IRS Issues Final Regulations on Solid Waste Disposal Facilities

On August 18, 2011, the Internal Revenue Service (the "IRS") issued final regulations1 (the "Final Regulations") for determining whether a facility is a "solid waste disposal facility" and therefore, eligible for tax-exempt bond financing. The Final Regulations are applicable to bonds sold on or after October 18, 2011. Issuers may elect to apply the Final Regulations in whole, but not in part, to outstanding bonds that have been sold before October 18, 2011. The Final Regulations do not need to be applied to bonds that currently refund bonds that were originally not subject to the Final Regulations as long as the weighted average maturity of the refunding bonds is no longer than the remaining weighted average maturity of the refunded bonds.
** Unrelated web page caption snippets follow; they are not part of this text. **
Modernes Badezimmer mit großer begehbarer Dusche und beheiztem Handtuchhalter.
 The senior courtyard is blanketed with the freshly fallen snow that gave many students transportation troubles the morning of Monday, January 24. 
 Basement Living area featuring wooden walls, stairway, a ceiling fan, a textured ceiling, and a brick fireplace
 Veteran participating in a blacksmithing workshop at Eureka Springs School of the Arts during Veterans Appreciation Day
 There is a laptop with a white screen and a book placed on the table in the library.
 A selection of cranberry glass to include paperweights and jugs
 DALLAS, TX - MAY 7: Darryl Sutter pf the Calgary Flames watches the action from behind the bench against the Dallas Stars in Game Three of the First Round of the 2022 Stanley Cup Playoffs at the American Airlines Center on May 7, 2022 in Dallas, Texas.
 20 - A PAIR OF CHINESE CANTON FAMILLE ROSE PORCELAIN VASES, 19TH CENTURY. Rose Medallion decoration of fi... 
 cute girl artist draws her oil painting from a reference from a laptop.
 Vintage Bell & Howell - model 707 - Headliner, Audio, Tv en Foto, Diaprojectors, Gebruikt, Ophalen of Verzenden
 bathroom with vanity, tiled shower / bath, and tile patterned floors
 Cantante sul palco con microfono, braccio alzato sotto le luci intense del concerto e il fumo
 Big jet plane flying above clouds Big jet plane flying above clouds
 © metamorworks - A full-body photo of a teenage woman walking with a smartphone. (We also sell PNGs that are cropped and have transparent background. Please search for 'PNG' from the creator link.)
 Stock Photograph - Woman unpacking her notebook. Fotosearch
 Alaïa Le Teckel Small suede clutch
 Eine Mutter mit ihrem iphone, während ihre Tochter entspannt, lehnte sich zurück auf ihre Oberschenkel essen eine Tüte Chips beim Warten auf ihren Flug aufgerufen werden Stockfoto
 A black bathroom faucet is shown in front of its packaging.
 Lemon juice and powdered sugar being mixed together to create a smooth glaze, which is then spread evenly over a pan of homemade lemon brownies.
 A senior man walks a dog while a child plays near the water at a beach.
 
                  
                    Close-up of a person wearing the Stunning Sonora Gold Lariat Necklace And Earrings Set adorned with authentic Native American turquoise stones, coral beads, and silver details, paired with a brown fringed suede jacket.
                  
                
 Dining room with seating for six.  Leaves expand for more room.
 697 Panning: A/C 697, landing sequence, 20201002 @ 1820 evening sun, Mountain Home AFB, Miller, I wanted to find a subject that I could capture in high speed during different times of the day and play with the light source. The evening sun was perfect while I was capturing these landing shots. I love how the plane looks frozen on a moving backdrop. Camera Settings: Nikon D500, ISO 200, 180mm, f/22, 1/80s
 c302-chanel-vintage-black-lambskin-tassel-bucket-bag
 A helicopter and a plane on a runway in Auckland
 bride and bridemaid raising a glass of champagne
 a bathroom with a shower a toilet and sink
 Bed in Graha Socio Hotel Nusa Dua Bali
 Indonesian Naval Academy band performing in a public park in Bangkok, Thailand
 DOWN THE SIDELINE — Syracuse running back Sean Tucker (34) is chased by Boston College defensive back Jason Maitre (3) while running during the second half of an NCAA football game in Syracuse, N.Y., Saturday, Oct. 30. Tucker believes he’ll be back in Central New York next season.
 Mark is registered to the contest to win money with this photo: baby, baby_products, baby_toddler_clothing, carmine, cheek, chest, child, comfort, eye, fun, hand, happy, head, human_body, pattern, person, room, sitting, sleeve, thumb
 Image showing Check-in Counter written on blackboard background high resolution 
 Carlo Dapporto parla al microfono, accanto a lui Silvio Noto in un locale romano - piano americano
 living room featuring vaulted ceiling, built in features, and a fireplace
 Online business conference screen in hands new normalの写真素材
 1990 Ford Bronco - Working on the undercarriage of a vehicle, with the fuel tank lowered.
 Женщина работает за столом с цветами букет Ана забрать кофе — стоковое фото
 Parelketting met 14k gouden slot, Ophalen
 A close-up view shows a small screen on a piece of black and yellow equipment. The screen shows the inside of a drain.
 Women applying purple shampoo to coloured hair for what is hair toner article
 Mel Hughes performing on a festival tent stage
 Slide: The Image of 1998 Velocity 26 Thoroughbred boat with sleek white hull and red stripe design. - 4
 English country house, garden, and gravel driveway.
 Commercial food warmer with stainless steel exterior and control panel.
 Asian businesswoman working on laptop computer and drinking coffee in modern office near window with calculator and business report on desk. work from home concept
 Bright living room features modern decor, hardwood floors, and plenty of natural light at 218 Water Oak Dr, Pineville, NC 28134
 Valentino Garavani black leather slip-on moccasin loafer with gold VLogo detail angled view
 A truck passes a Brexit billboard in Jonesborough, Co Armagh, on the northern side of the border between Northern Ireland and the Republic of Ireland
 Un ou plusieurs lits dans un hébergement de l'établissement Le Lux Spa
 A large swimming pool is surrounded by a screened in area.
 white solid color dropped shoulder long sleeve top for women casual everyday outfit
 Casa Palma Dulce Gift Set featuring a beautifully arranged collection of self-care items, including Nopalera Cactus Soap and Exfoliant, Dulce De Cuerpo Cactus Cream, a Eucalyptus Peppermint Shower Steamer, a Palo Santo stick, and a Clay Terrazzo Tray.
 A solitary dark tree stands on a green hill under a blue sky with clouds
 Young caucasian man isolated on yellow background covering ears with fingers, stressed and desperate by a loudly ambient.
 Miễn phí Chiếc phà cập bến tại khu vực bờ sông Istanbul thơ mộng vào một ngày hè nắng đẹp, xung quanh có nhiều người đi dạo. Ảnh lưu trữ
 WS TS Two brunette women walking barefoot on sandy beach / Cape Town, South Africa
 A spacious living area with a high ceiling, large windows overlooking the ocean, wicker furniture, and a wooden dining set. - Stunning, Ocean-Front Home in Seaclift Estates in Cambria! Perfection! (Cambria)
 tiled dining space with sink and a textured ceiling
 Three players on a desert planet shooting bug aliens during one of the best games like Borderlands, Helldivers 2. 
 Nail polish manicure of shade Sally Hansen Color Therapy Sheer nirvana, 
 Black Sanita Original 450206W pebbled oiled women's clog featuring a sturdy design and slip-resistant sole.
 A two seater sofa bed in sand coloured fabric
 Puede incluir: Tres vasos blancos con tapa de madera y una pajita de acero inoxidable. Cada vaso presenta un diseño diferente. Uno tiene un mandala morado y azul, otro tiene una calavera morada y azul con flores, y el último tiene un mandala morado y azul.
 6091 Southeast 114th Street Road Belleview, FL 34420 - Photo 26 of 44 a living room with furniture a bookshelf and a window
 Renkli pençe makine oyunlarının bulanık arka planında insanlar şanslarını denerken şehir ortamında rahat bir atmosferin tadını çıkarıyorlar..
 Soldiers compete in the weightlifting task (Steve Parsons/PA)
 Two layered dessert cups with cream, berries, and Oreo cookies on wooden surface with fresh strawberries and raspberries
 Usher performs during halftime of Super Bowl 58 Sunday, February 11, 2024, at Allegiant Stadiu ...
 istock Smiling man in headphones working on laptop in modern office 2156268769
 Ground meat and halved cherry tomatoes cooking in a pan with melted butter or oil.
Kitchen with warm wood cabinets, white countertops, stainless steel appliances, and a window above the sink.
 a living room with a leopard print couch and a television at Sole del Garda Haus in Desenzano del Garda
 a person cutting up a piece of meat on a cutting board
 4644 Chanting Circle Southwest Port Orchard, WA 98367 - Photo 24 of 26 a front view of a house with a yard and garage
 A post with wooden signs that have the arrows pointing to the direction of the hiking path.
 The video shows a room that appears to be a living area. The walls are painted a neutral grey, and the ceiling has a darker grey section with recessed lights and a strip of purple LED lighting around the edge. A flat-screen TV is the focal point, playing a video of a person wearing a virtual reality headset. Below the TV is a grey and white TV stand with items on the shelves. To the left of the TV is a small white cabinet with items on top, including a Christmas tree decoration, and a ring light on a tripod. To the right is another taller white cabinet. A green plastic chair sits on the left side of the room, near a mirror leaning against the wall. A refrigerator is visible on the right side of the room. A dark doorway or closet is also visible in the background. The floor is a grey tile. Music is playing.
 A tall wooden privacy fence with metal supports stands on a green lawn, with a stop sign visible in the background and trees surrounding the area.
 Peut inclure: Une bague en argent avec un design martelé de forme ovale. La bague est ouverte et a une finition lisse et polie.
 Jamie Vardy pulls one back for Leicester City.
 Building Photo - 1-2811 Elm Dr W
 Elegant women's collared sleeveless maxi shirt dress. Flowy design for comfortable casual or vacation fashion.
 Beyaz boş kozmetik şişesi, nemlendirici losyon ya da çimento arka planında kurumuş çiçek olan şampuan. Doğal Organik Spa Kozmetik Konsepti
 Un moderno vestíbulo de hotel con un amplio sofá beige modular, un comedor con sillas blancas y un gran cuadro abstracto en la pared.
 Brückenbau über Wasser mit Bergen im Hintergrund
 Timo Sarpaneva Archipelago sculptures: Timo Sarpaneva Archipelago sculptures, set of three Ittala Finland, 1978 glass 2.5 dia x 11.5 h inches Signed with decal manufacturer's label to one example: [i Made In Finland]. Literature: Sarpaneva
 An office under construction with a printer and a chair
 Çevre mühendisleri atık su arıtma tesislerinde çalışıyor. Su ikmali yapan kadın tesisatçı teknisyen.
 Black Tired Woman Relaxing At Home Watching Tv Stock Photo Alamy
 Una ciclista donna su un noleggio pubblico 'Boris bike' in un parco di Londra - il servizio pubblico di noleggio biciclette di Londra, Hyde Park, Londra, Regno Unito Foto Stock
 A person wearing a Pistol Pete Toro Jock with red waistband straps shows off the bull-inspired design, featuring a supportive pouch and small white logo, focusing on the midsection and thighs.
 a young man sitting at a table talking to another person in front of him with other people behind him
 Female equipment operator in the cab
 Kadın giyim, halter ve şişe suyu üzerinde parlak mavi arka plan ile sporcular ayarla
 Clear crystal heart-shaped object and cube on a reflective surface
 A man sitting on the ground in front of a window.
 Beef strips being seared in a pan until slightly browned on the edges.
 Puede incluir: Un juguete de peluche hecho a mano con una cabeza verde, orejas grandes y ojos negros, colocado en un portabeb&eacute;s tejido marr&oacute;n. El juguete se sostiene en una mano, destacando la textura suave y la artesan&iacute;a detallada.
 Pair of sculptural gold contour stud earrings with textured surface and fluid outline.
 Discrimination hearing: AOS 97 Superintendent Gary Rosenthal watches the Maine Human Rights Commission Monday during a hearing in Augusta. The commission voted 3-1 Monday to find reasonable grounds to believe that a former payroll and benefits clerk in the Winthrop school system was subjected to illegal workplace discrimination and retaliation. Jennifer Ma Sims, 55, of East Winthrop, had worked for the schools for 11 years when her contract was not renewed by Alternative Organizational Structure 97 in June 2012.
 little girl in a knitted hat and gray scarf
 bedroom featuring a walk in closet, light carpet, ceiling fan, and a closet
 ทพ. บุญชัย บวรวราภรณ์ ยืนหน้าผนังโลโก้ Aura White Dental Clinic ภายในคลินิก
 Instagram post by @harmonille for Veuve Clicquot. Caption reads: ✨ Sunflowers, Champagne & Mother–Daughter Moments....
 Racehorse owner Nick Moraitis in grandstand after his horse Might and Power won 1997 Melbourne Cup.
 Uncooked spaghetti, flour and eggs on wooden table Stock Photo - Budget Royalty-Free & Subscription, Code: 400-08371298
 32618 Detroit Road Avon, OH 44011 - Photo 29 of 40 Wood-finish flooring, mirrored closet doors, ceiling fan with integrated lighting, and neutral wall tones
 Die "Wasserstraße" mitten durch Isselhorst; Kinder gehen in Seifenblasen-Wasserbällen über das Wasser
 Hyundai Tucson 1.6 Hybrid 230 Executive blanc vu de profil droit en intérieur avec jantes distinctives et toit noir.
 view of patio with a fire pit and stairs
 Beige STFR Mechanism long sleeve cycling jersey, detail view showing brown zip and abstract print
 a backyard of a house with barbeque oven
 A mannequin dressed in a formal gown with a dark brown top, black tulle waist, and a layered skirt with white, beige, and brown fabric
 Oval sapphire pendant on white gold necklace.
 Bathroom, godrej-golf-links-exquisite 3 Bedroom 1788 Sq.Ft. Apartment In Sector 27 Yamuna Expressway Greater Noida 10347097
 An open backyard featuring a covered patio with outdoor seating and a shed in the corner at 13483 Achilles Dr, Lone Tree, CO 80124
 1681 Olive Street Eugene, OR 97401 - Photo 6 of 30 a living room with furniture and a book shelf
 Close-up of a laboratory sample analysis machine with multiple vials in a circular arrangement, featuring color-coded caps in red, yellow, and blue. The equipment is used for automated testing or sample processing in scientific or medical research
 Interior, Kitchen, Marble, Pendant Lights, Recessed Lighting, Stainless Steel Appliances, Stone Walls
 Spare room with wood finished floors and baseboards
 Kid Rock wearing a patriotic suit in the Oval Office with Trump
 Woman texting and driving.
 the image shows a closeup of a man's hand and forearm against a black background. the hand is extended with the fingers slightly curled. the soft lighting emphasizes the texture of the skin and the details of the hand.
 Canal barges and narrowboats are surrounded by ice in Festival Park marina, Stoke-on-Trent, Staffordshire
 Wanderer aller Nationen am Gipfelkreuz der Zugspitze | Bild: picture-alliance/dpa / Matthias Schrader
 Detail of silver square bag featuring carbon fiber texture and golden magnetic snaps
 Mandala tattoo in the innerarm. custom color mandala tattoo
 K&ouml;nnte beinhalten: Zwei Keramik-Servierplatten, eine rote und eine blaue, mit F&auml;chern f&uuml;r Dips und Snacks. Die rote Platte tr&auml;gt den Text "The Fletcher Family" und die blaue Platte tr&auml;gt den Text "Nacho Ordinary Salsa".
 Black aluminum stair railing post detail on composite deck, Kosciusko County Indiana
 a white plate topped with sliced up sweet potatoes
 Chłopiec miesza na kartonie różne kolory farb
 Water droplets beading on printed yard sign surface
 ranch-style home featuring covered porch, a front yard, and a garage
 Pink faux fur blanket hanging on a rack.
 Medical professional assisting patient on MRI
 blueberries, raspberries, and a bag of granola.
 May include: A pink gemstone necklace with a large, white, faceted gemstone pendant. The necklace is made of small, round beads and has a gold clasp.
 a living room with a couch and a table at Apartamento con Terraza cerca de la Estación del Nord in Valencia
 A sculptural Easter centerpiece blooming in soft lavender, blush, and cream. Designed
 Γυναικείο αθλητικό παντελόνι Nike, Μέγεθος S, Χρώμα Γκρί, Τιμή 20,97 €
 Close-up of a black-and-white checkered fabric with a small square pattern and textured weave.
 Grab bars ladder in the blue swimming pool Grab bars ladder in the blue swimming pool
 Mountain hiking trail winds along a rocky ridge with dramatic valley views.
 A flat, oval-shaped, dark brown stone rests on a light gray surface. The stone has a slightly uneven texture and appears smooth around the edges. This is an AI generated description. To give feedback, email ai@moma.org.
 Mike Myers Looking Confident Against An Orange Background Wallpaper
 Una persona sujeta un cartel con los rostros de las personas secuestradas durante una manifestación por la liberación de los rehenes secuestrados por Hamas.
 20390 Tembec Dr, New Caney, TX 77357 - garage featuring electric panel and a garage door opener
The significant provisions of the Final Regulations:

  • eliminate the requirement that solid waste have "no value";
  • eliminate the proposed rule that "residual material" is only solid waste if it is less than 5% of the material introduced into the original production process;
  • expand the definition of solid waste disposal facilities to include facilities performing a "preliminary function" or that are functionally related or subordinate to a facility that processes solid waste;
  • clarify the types of solid waste disposal processes that qualify for tax-exempt financing;
  • for recycling and energy production facilities, still provide that the solid waste disposal process, in effect, ends at the production of the first useful product;
  • eliminate the proposed rule that a function can only be treated as preliminary if more than 50% of the materials that result from the function are solid waste; and
  • keep the rule that an entire facility is eligible for tax-exempt financing if at least 65% of the material processed is solid waste, but with a new requirement that the 65% rule be tested annually (subject to limited exceptions as described below).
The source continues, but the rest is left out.